そもそも、こんな所に来たいと思ってきた訳じゃ無いのだ。発端は、ヨツバが何時もの様に綿あめが食べたいだなんて我儘を言い出した事。正直、それだけの為にここまで来るのは気が進まなかった。しかし駄々を捏ねられるよりかさっさと買って満足させた方が楽だろうと思い、わざわざこんな所まで来ることにしたのだ。が、その判断は些か早計だったかもしれない。
「しかし、何故綿あめだなんて……」
人混みで上手く前に進めないせいか、それとも慣れない服装で動きづらいせいか。気づかない内に、私は苛々とそう呟いていた。特に誰に聞かせようと思った訳でも無い、殆ど無意識での呟きだ。
「……お父さんがね」
だから、返事が帰って来るなんて思っていなかった私は、思わず足を止める。
「お父さんが買ってくれたの、綿あめ。いつもお祭りに行くとね、買ってくれたんだ」
ちらりと下の方に視線をやってもヨツバの様子は寂しげでは無く、むしろどこか楽しそうに話している。私は何も言わずに、ゆっくりと歩き出した。
「それでいつもね、『お祭りだからな』って言うんだ。

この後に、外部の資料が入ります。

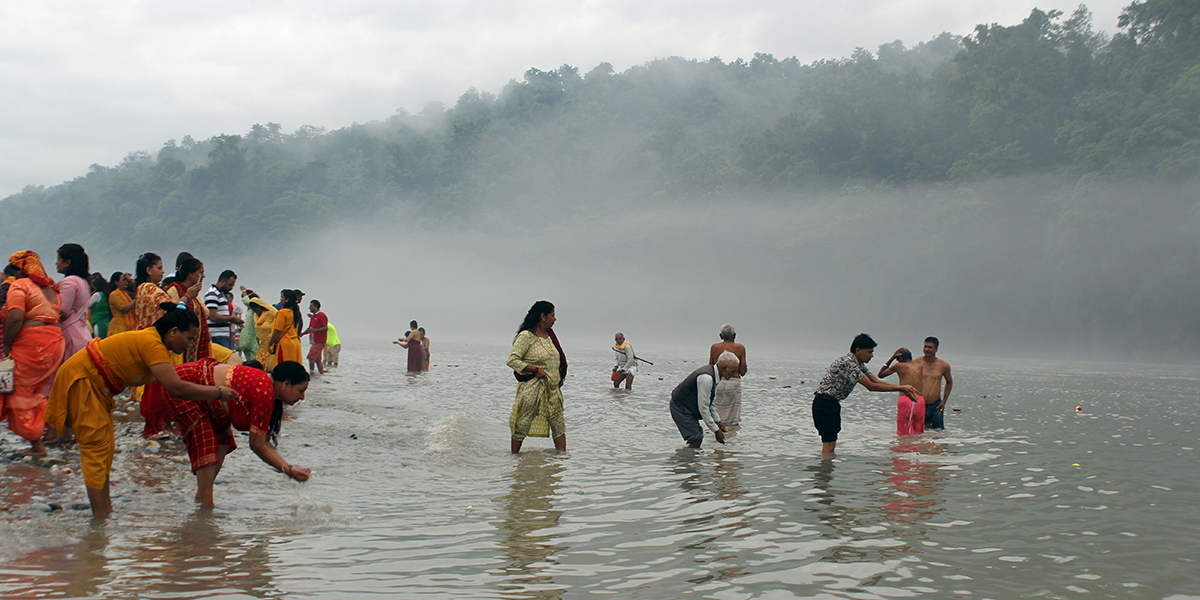 देवघाटमा स्‍नान गर्नेको भीड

お母さんは、『ちゃんと歯磨きするのよ』って言うの。でも——ねぇセツ! あれ何!?」
屋台の一つに目を惹かれて、ヨツバは急に話をぶった切った。何とも言えない気分になりながらも、ヨツバが指さした方を見る。そこにあったのは、飴細工の屋台だった。夜の灯りを反射してキラキラと輝く飴細工が、台の上に幾つも並べられている。
「あれは飴細工ですね……欲しいんですか?」
「うん! ねぇセツお願い! お願いお願いお願い!」
「今日は綿あめを買いに来たんですよ」
まさか二つも買って貰えるとは思っていないだろうと思ってそう言うと、ヨツバは明らかにしまったと言う顔をする。そこまで考えが回って居なかったのだろう。難しい顔つきをして考え始めたかと思えば、深刻な顔つきでこんな事を言った。

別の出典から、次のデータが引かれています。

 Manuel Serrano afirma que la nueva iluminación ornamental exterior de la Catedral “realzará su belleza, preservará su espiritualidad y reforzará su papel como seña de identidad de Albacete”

「……両方、ちゃんと食べるよ。ねぇだからいいでしょセツ! 買って!」
残す残さないの問題ではないのだが。呆れた様な気分でそう思ってから、私は少しだけどうするか考える。普段なら、どちらかだけと言えば良いのだが……
「一つ下さい」
私は手に持った財布から百円玉を三枚取り出して、店の店主に渡す。それと引き換えに受け取った小さな金魚の飴細工を差し出せば、ヨツバは分かりやすく目を輝かせた。
「やったー! ありがとうセツ!」
「お祭りですからね」
自然と、そんな台詞が零れ落ちた。そしてその台詞と、ヨツバの笑顔に引き摺られて、ふっと“あの子”との記憶が脳裏に浮かぶ。
『だって、セツちゃん、今日はお祭りだからね!』
そうだ。そう言うあの子に連れられて、私は——
しまい込んだ、古い古い記憶が蘇る。あの日も、こんな風に人が多くて、煩くて、暑くて。ああ、それで、楽しかった。楽しかったのだ、私は。
だからだろうか。だから、今日は苦しくならないのだろうか。あの日が楽しかったから、“あの子”の笑顔を思い出せるのだろうか。それとも——
「今日が、お祭りだから」
それこそ柄でも無いと、もう一度呟いた言葉に少し苦笑した。
短いですね。2つ目はセツさんです。